:: What to work on ::
Write out, word for word, only the lines from the one containing "Mazda CX-60 Takumi" through the final line of the data.

Short descriptive text snippets
#####
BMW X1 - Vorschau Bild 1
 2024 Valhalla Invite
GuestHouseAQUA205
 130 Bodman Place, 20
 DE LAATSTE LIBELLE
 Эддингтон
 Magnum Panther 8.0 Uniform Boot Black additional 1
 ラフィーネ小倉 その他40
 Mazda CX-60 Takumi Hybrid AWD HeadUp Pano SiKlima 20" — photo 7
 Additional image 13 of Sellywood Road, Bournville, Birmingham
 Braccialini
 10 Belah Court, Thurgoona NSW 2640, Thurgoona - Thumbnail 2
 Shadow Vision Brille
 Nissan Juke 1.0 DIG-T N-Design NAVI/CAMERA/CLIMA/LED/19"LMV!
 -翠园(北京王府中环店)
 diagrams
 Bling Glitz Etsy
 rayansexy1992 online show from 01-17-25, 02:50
#####
:: Result of this task ::
 Mazda CX-60 Takumi Hybrid AWD HeadUp Pano SiKlima 20" — photo 7
 Additional image 13 of Sellywood Road, Bournville, Birmingham
 Braccialini
 10 Belah Court, Thurgoona NSW 2640, Thurgoona - Thumbnail 2
 Shadow Vision Brille
 Nissan Juke 1.0 DIG-T N-Design NAVI/CAMERA/CLIMA/LED/19"LMV!
 -翠园(北京王府中环店)
 diagrams
 Bling Glitz Etsy
 rayansexy1992 online show from 01-17-25, 02:50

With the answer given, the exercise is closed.